World Economy
0

Urgent Need for ECB Stimulus Review

Urgent Need for ECB Stimulus Review
Urgent Need for ECB Stimulus Review

The eurozone’s inflation rate probably slipped back to zero this month, ending a brief run of price gains and adding urgency to the European Central Bank’s review of its stimulus.

The stagnation forecast by economists follows a 0.3% increase in consumer prices in January. The deterioration may not end this month, with ECB policy makers saying that lower oil costs mean that price drops are on the cards in the coming months, Bloomberg reported.

Inflation in the 19-nation zone has fallen short of the ECB’s goal of just under 2% for almost three years, raising concerns that this will depress wages and undermine consumers’ willingness to spend. Against that backdrop, the Governing Council may cut its inflation forecasts at its meeting on March 10 and loosen monetary policy again.

“The eurozone now faces one of the longest periods of zero or negative inflation in its history,” HSBC Holdings economists Fabio Balboni and Rainer Sartoris said in a note on Friday. This “increases the risk that inflation expectations could become dislodged and puts more pressure on the ECB.”

It’s not just headline inflation that’s weakening. Core price growth, which excludes volatile food and energy, probably cooled to 0.9% in February from 1% in January, according to the Bloomberg survey.

The euro-wide number will follow disappointing data from Germany, France and Spain. In Germany, the European Union-harmonized inflation rate dropped to minus 0.2% from 0.4%. The rate in France fell to minus 0.1%, while Spanish prices slid 0.9%. All readings were worse than economists had forecast.

 More Declines

Twenty-one of the 47 economists in the Bloomberg survey forecast a eurozone rate below zero in February. Goldman Sachs sees a minus 0.1% figure and predicts it could go as low as minus 0.6% in the coming months.

To kickstart a revival in inflation, the ECB has already cut its deposit rate to minus 0.3% and is pumping €60 billion ($66 billion) a month into the economy via asset purchases.

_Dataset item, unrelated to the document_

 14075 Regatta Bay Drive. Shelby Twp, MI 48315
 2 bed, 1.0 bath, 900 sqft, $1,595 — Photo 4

Clemens Fuest, incoming president of the Ifo economic institute in Munich, said that loose monetary policy has allowed governments to delay reforms, which could lead to longer-term problems, and the region is “going the Japanese way”. “If you look at inflation, interest, rates, growth, it’s as similar as it can be,” he said in an interview last week. “The eurozone is a different animal from Japan. But the response to the crisis and the economic impact is similar to what happened in Japan.”